When Talbott arrived in Hartford in 2008, the Atheneum had just scuttled a proposed plan to expand into the nearby Hartford Times building, and the museum needed to revitalize and redeploy existing space and upgrade the infrastructure at 600 Main St. Talbott has overseen the renovation project, which when done will increase public gallery space by 25 percent. In addition, a proprietary power plant and a new HVAC system have been installed and storage spaces have been repaired.

During her tenure, the museum’s endowment increased from $84 million to $101 million. Five hundred artworks have been acquired in her years, including Artemisia Gentileschi’s “Self-Portrait as a Lute Player,” to be exhibited soon, a large bequest of Arts and Crafts furniture and decorative arts by collector Stephen Gray and works by Richard Tuttle, Georgia O’Keeffe and Kiki Smith, among others. She also curated “Patti Smith: Camera Solo,” a 2011 photography exhibit that brought the rock icon to the museum.

Of all her accomplishments, Talbott speaks most fondly of her Community Engagement Initiative, a push to bring the arts to traditionally overlooked segments of the community. The initiative enhanced existing programs and founded new ones, including Second Saturdays, a monthly event that invites families into the museum free of charge and even sends buses to Hartford schools to pick them up. Since its inception in 2009, total attendance at Second Saturdays has exceeded 22,000.

“It was my way of reaching out into the community to all of those people, particularly in Hartford, who didn’t know that this was a museum and who didn’t know they were welcome here. If they did venture here, they weren’t necessarily, a decade ago, treated well. The programs weren’t designed to bring them in,” Talbott said. “We see enormous diversity, folks from the inner city speaking eight different languages and wealthy families from West Hartford, everyone here together enjoying all the programs.”

In an interview last year with The Courant, Marta Bentham, the ombudsman and director of family services for Hartford schools, who helps bring families to Second Saturday events, said, “Someone said to me, ‘This is the first time my wife and I have been here with our child; I didn’t know I could come in here.’ … A lot of people don’t think of the museum as something to enter. To them, the Atheneum is a bus stop. But they make you feel really welcome.”

Yvette Meléndez, chair of the Hartford Foundation for Public Giving, also praised the CEI programs. “What she developed and so beautifully executed was not only about bringing the arts to the Hartford public schools but also to bring the Wadsworth to the families of the children in the schools,” Meléndez said. “Families who never stepped foot in the Wadsworth, let alone any large museum like the Wadsworth, are feeling comfortable and engaged and are developing an appreciation of the treasures that lie inside the Wadsworth.”

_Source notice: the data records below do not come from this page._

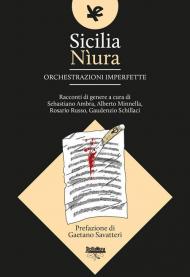 Sicilia Nìura. Orchestrazioni imperfette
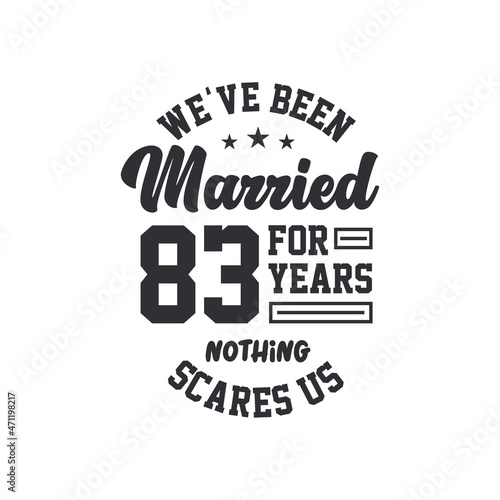 83rd anniversary celebration. We've been Married for 83 years, nothing scares us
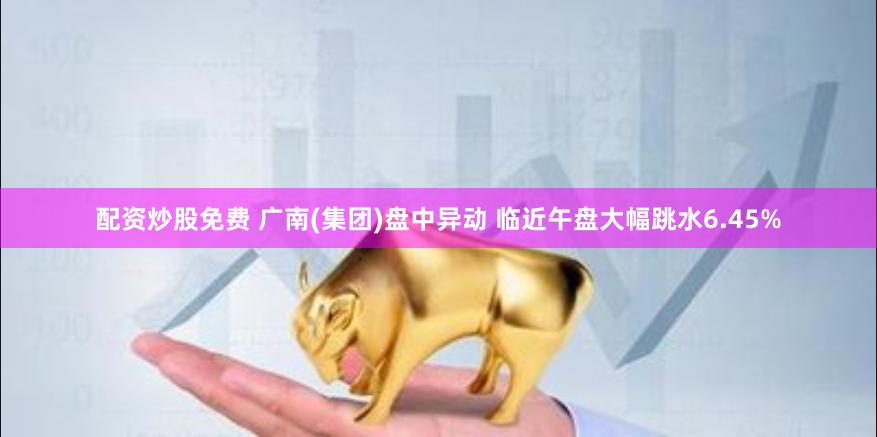 配资炒股免费 广南(集团)盘中异动 临近午盘大幅跳水6.45%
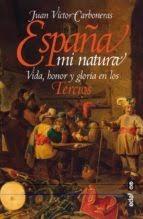 España mi natura "Vida, honor y gloria en los Tercios".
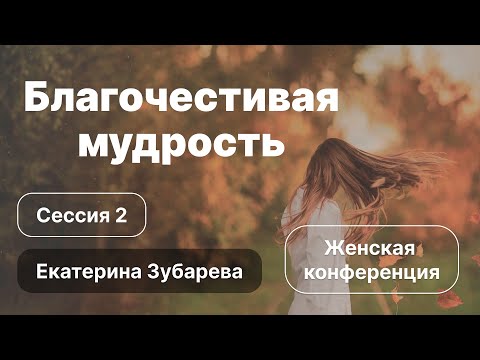 Видео: «Благочестивая мудрость» | Сессия 2 | Екатерина Зубарева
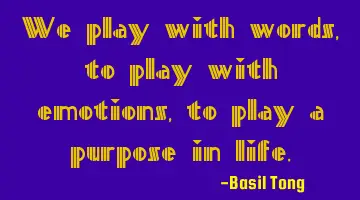 We play with words, to play with emotions, to play a purpose in life.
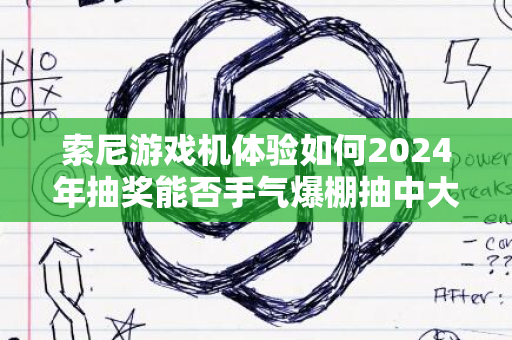 索尼游戏机体验如何2024年抽奖能否手气爆棚抽中大奖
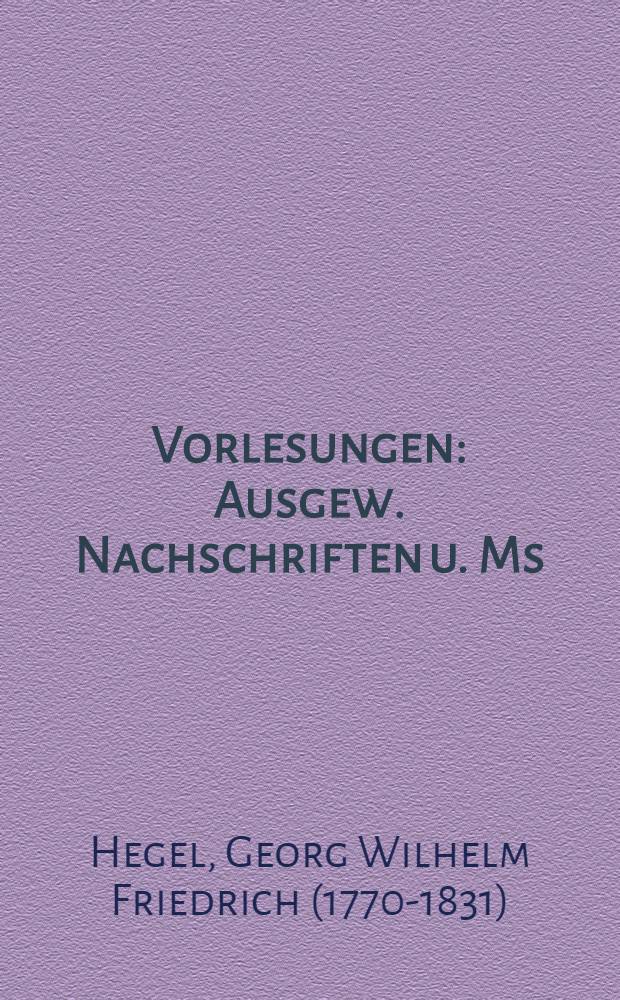 Vorlesungen : Ausgew. Nachschriften u. Ms = Лекции по философии духа.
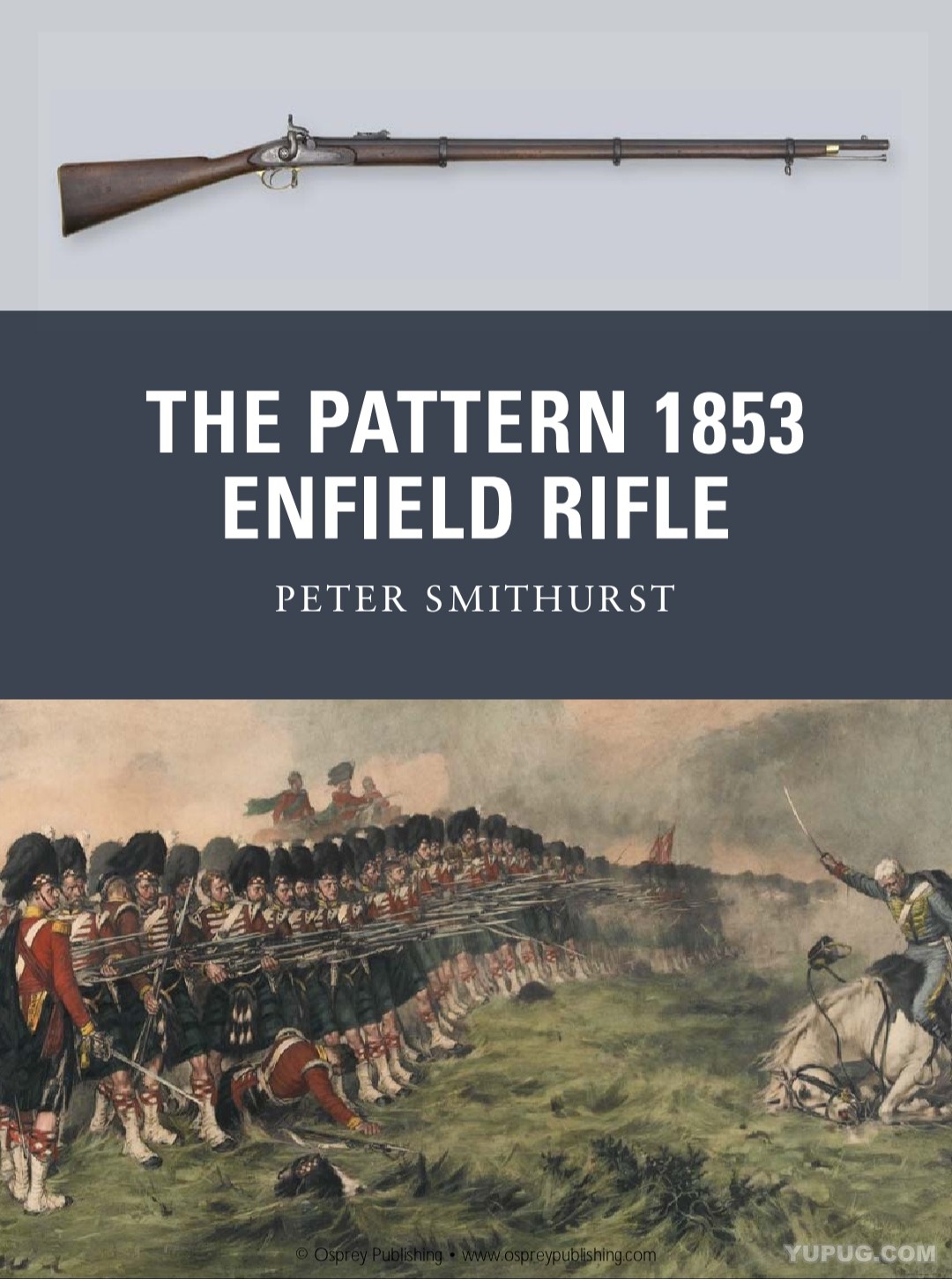 火之戈19：英国1853年恩菲尔德步枪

Richard Armstrong, the director of the Solomon R. Guggenheim Museum and Foundation, who has been friends with Talbott since they worked together at the Whitney Museum of American Art in New York in the 1980s, agrees with Meléndez. Armstrong said that Talbott “looks at the activities of the museum through the eyes of the audience. It’s not a strain for her. She’s gifted at that. She’s highly knowledgeable about art but also is an amazing democrat, with a small d, regarding the position of an institution within the life of a city.”